Want to check it out? Contact me today.

Tax time, part 2: Deductions for rental properties

Now that we’ve reviewed general tax deductions for homeowners, let’s talk about rental properties. Aside from rental income on a monthly basis, one of the major benefits of rental properties is the tax deductions.

dana point rental

Writing Off Rental Home Expenses
Many rental home expenses are tax deductible. Save receipts and any other documentation, and take the deductions on Schedule E. Figure you’ll spend four hours a week, on average, maintaining a rental property, including recordkeeping.

In general, you can claim the deductions for the year in which you pay for these common rental property expenses:

  • Advertising
  • Cleaning and maintenance
  • Commissions paid to rental agents
  • Home owner association/condo dues
  • Insurance premiums
  • Legal fees
  • Mortgage interest
  • Taxes
  • Utilities

Less obvious deductions include expenses to obtain a mortgage, and fees charged by an accountant to prepare your Schedule E. And don’t forget that a rental home can even be a houseboat or trailer, as long as there are sleeping, cooking, and bathroom facilities.

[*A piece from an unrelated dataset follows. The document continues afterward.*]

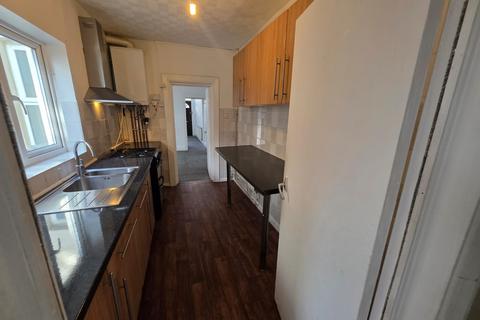 3 bedroom terraced house to rent, Hampton Road, Luton, Bedfordshire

Moreover, the location of the rental home doesn’t matter. It could even be outside the United States.

Limits on Travel Expenses
You can deduct expenses related to traveling locally to a rental home for such activities as showing it, collecting rent, or doing maintenance. If you use your own car, you can claim the standard mileage rate, plus tolls and parking. For 2014, it’s 56 cents per mile.

Traveling outside your local area to a rental home is another matter. You can write off the expenses if the purpose of the trip is to collect rent or, in the words of the IRS, “manage, conserve, or maintain” the property. If you mix business with pleasure during the trip, you can only deduct the portion of expenses that directly relates to rental activities.

Repairs vs. Improvements
Another area that requires rental home owners to tread carefully is repairs vs. improvements. The tax code lets you write off repairs—any fixes that keep your property in working condition—immediately as you would other expenses. The costs of improvements that add value to a rental property or extend its life must instead be depreciated over several years. (More on depreciation below.)

Think of it this way: Simply replacing a broken window pane counts as a repair, but replacing all of the windows in your rental home counts as an improvement. Patching a roof leak is a repair; re-shingling the entire roof is an improvement. You get the picture.

Deciphering Depreciation
Depreciation refers to the value of property that’s lost over time due to wear, tear, and obsolescence. In the case of improvements to a rental home, you can deduct a portion of that lost value every year over a set number of years. Carpeting and appliances in a rental home, for example, are usually depreciated over five years.

You can begin depreciating the value of the entire rental property as soon as the rental home is ready for tenants and you hold it out for rent, even if you don’t yet have any tenants. In general, you depreciate the value of the home itself (but not the portion of the cost attributable to land) over 27.5 years. You’ll have to stop depreciating once you recover your cost or you stop renting out the home, whichever comes first.

Depreciation is a valuable tax break, but the calculations can be tricky and the exceptions many. Read IRS Publication 946, “How to Depreciate Property,” for additional information, and use Form 4562 come tax time. You may need to consult a tax adviser.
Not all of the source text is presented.